(RECORDS PROVIDED):
*** Block opens ***
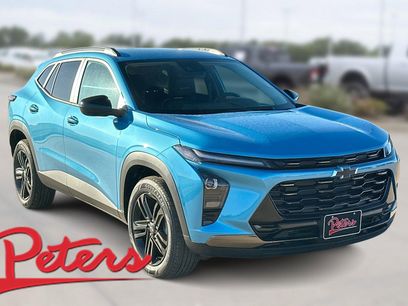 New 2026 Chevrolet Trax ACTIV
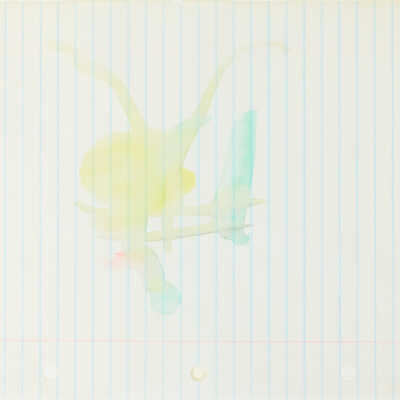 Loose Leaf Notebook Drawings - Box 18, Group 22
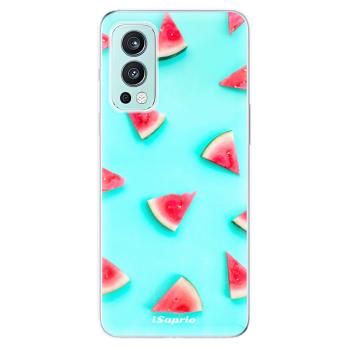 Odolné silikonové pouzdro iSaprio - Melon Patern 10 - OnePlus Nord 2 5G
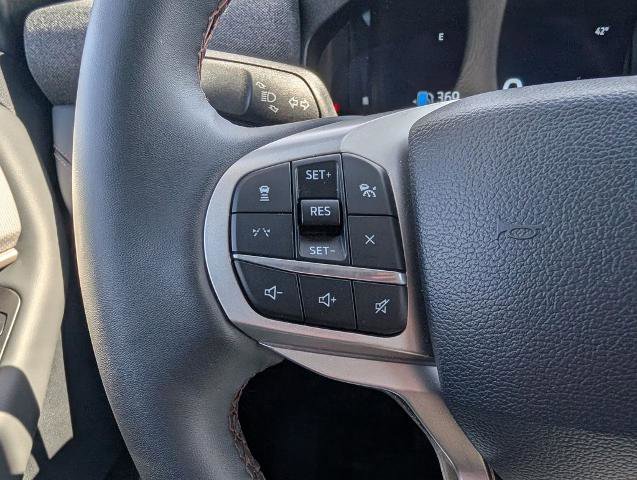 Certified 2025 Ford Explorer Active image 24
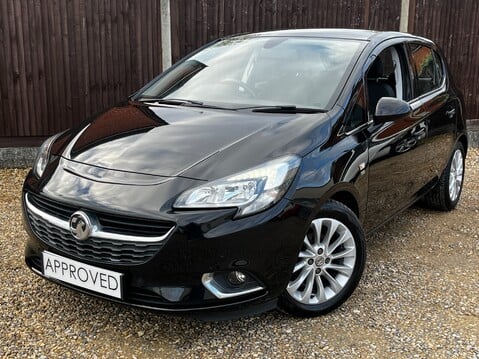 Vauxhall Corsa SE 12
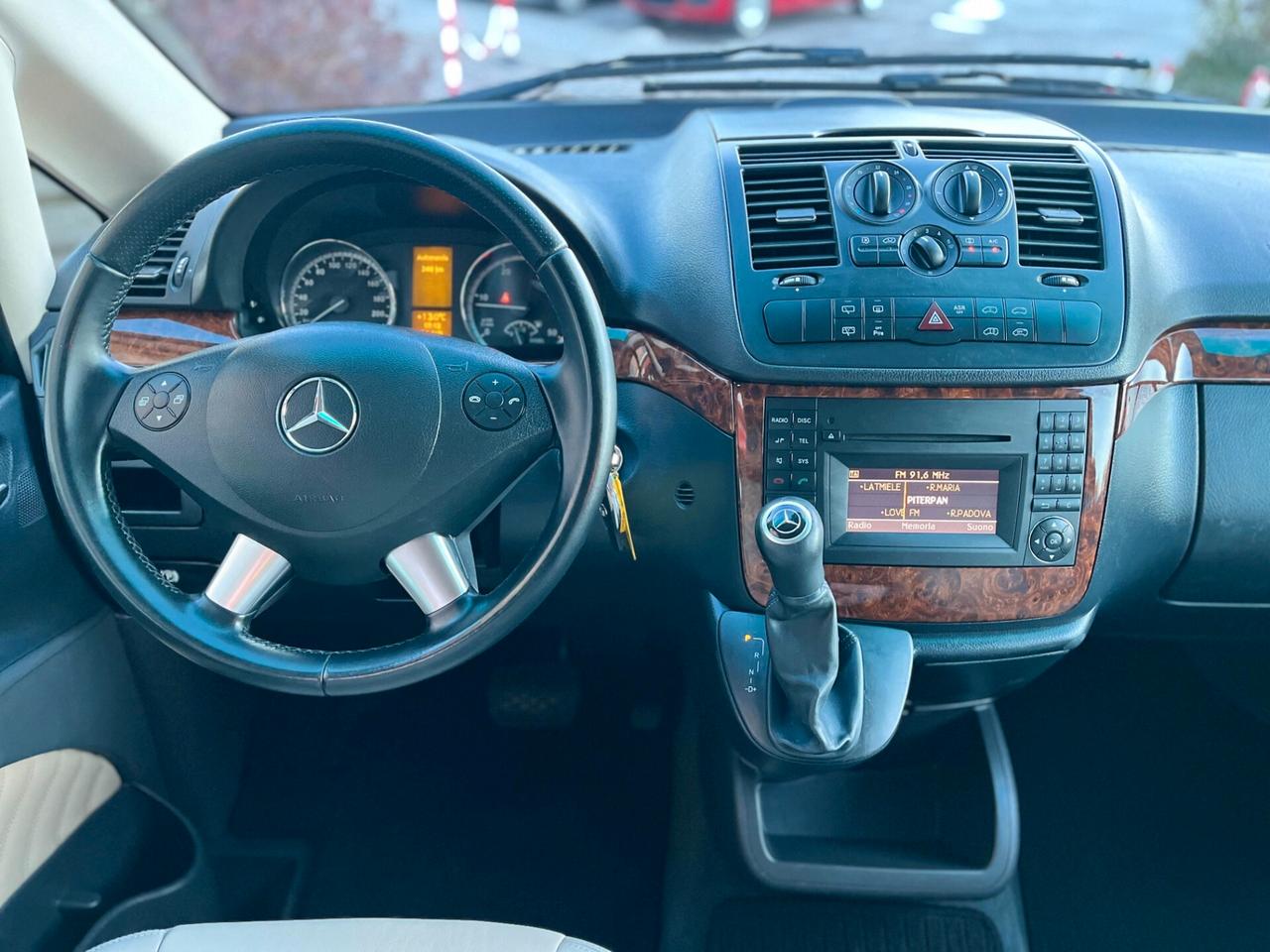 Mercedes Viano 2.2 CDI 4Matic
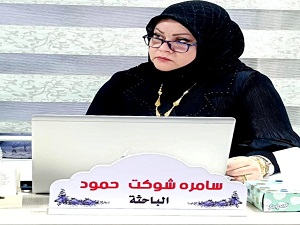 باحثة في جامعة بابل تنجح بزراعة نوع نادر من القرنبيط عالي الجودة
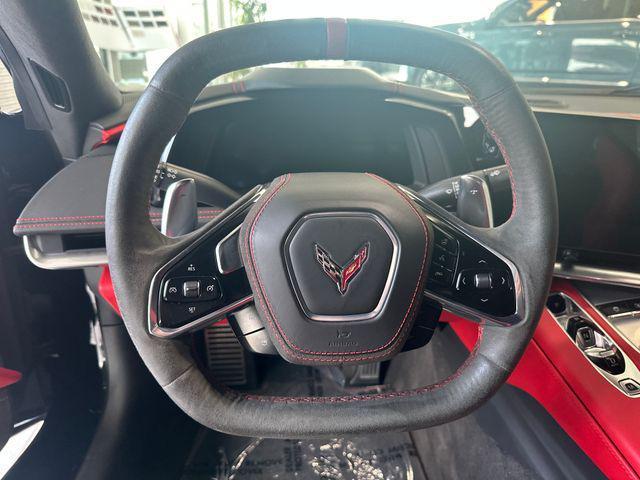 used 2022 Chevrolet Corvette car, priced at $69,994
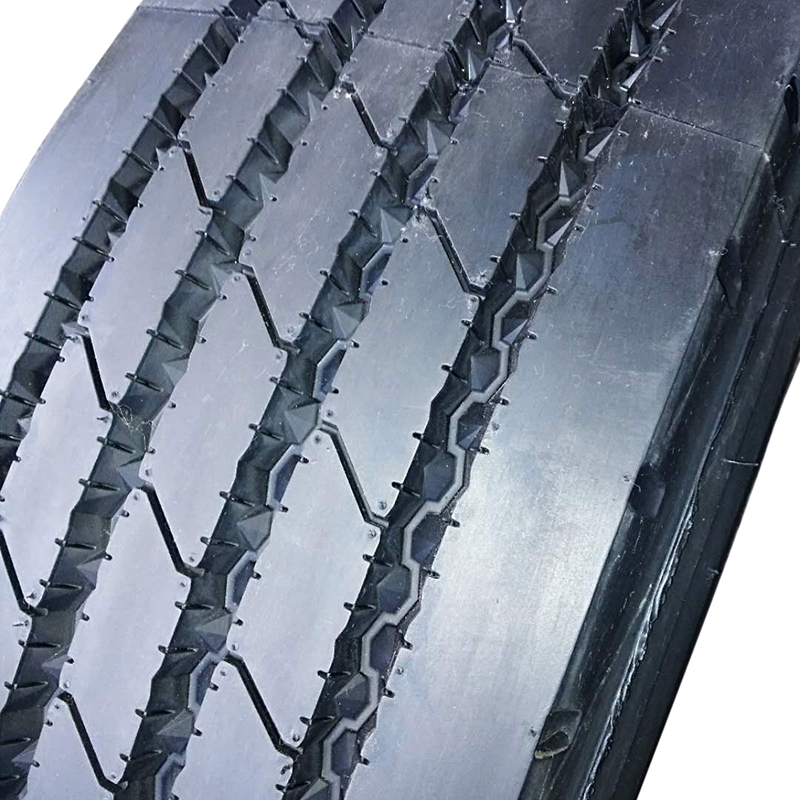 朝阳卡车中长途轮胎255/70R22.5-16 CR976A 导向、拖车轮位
*** Block closes ***
*** Block opens ***
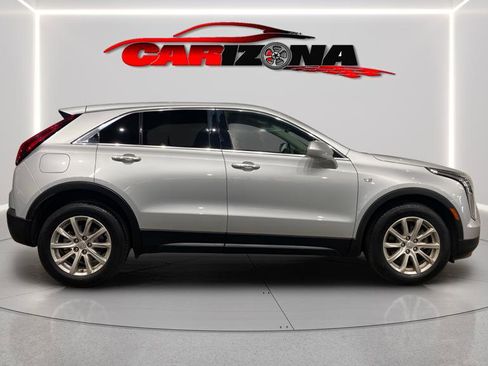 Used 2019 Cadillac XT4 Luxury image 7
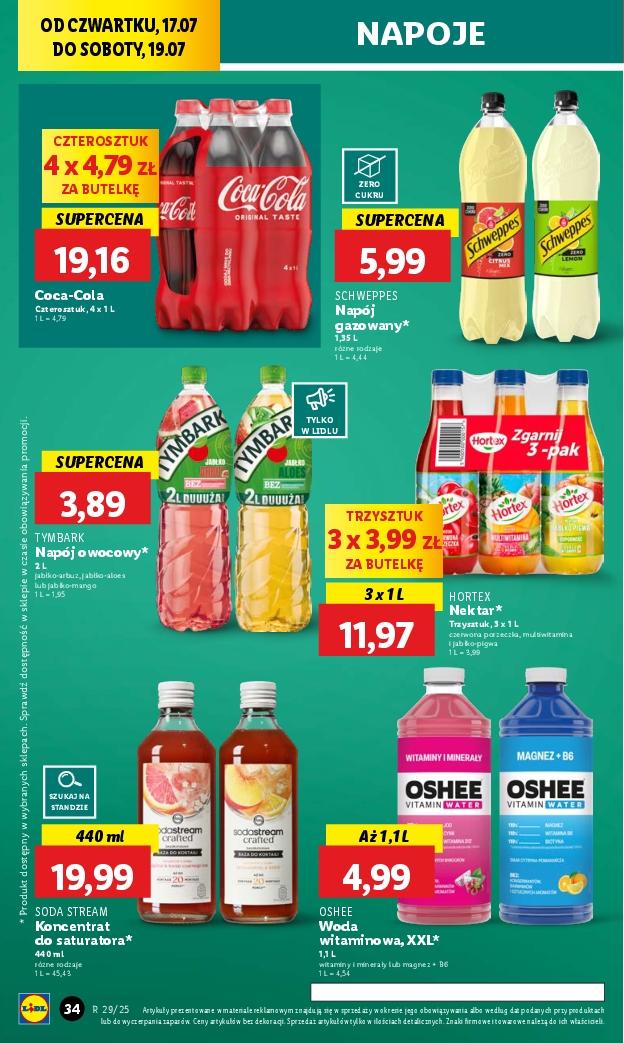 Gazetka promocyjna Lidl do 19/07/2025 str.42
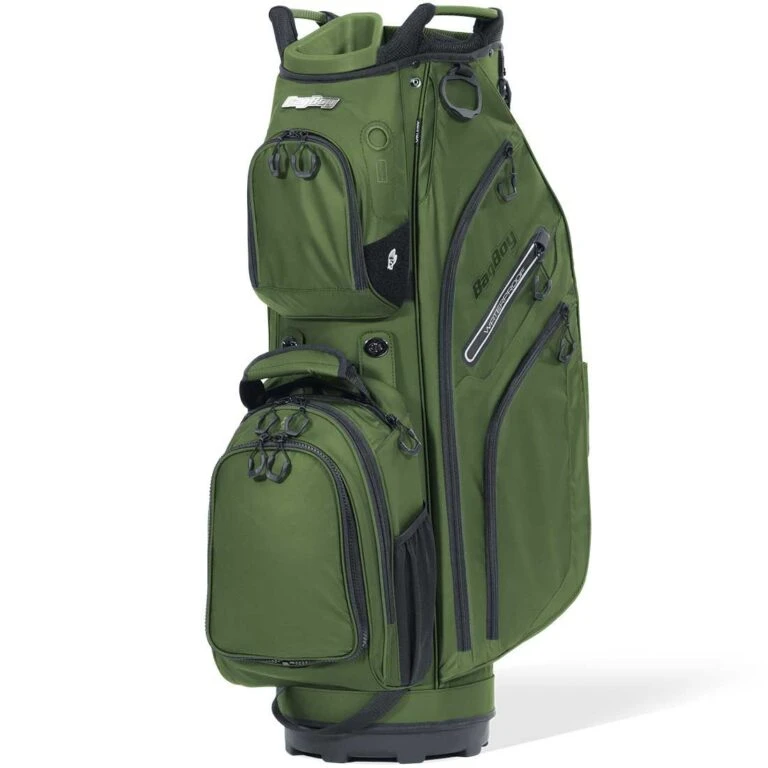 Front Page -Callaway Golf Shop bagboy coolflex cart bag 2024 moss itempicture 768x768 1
*** Block closes ***
(ABOUT THIS EXERCISE):
Restate word for word the lines of the data above that begin at the line with "New 2026 Chevrolet Trax ACTIV" and end at the line with "朝阳卡车中长途轮胎255/70R22.5-16 CR976A 导向、拖车轮位", keeping both ends and dropping every picture.

(EXERCISE RESULT):
 New 2026 Chevrolet Trax ACTIV
 Loose Leaf Notebook Drawings - Box 18, Group 22
 Odolné silikonové pouzdro iSaprio - Melon Patern 10 - OnePlus Nord 2 5G
 Certified 2025 Ford Explorer Active image 24
 Vauxhall Corsa SE 12
 Mercedes Viano 2.2 CDI 4Matic
 باحثة في جامعة بابل تنجح بزراعة نوع نادر من القرنبيط عالي الجودة
 used 2022 Chevrolet Corvette car, priced at $69,994
 朝阳卡车中长途轮胎255/70R22.5-16 CR976A 导向、拖车轮位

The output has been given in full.